+++ Records provided
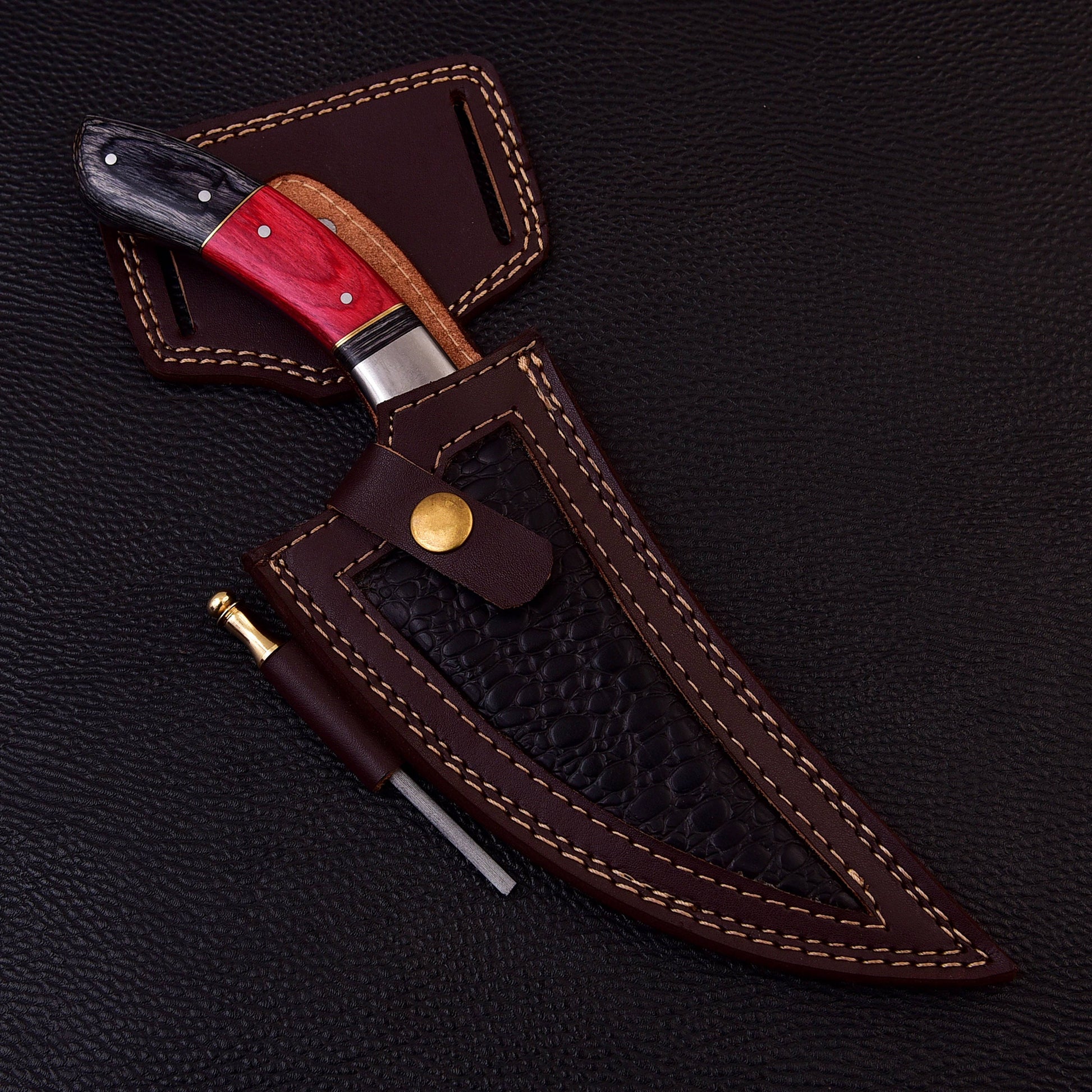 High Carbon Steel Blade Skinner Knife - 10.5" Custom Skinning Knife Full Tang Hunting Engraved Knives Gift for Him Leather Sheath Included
++++++
+++ Records provided
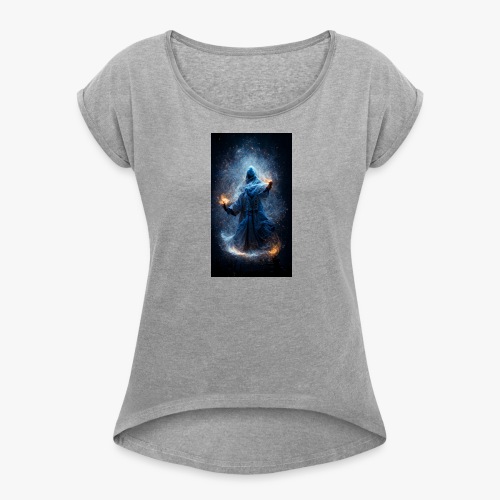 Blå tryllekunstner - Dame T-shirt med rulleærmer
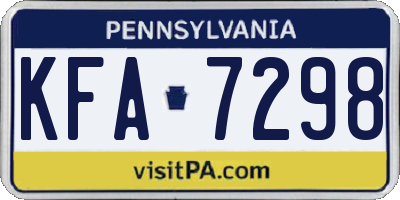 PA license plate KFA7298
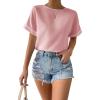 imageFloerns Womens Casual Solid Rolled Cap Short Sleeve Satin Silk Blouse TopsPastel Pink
++++++
+++ Records provided
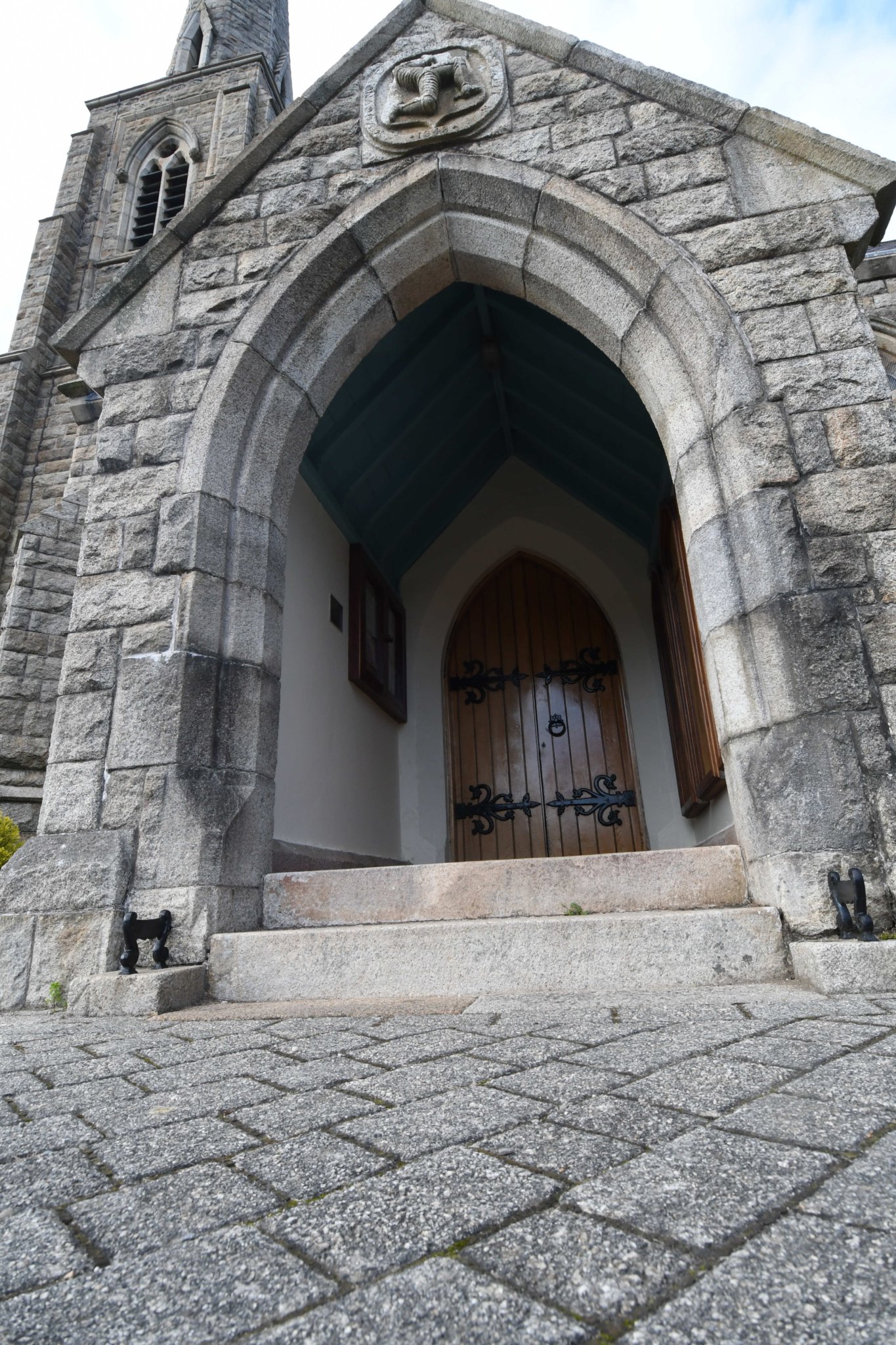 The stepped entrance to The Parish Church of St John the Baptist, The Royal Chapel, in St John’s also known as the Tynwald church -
++++++
* Problem *
Every line above between the one containing "PA license plate KFA7298" and the one containing "imageFloerns Womens Casual", those two included, is to be printed exactly. No pictures go into the copy.

* Answer to this task *
 PA license plate KFA7298
 imageFloerns Womens Casual Solid Rolled Cap Short Sleeve Satin Silk Blouse TopsPastel Pink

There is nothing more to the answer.